Governor Rick Snyder of Michigan announced today that he will be appointing an emergency manager to oversee Detroit, which is bankrupt in every way but officially. Its liabilities exceed $14 billion and it is short of cash just to meet current obligations. As Governor Snyder expressed it at a town hall meeting today, “The way I view it, today is a day to call all hands on deck.”

The urban disaster that is today’s Detroit is almost beyond imagination. Just compare it to Hiroshima. In 1945, the latter was flattened by an atomic bomb and Detroit was the fourth largest city in the United States, with a population of over 1.8 million, the center of its largest and most powerful industry. Today, Hiroshima is a gleaming, modern city and Detroit has a population of 706,585 and ranks 18th, behind such cities as Indianapolis, Columbus, Ohio, and Charlotte, North Carolina. Long the arson capital of the United States, whole neighborhoods are now barren wastelands.

To be sure, the suburbanization of America beginning after World War II has not been kind to the nation’s older cities. Indeed, every city in the country that had a major league baseball team in 1950, which is to say the largest cities in the northeast quadrant of the country, has seen a marked decline in population, with the exception of New York (always the exception). But many of those cities are now bouncing back. Not Detroit. Led by a kleptocracy in league with municipal unions, Detroit continues to hemorrhage population, wealth, and quality of life. It didn’t take an atomic bomb to destroy Detroit. Mayors such as Coleman Young and Kwame Kilpatrick were quite enough.

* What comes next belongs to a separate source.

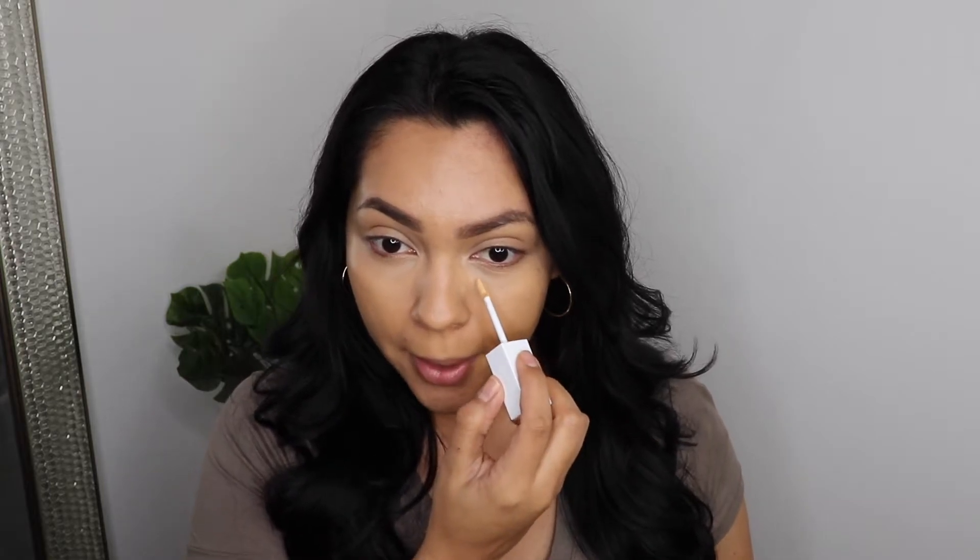I kind of let the concealer stay a little bit longer and it did cover a little bit more, but I don't see how it's getting rid of my dark circles — they're still peeking through. I'm applying more right here to see that buildable coverage. It is a very lightweight formula, very liquidy — that's true. I can't stand behind the claim of covering dark circles though.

As the New York Times reports:

The state-appointed manager, who could be selected later this month, would ultimately wield powers aimed at swiftly turning around the municipal government’s dire circumstances — powers to cut city spending, change contracts with labor unions, merge or eliminate city departments, urge the sale of city assets and even, if all else failed, to recommend bankruptcy proceedings.

Because Detroit is the creature of the sovereign state of Michigan, the governor has the power to impose such discipline, whether Detroit’s government likes it or not (needless to say it doesn’t). What a pity no one has the power to impose it on Washington D.C.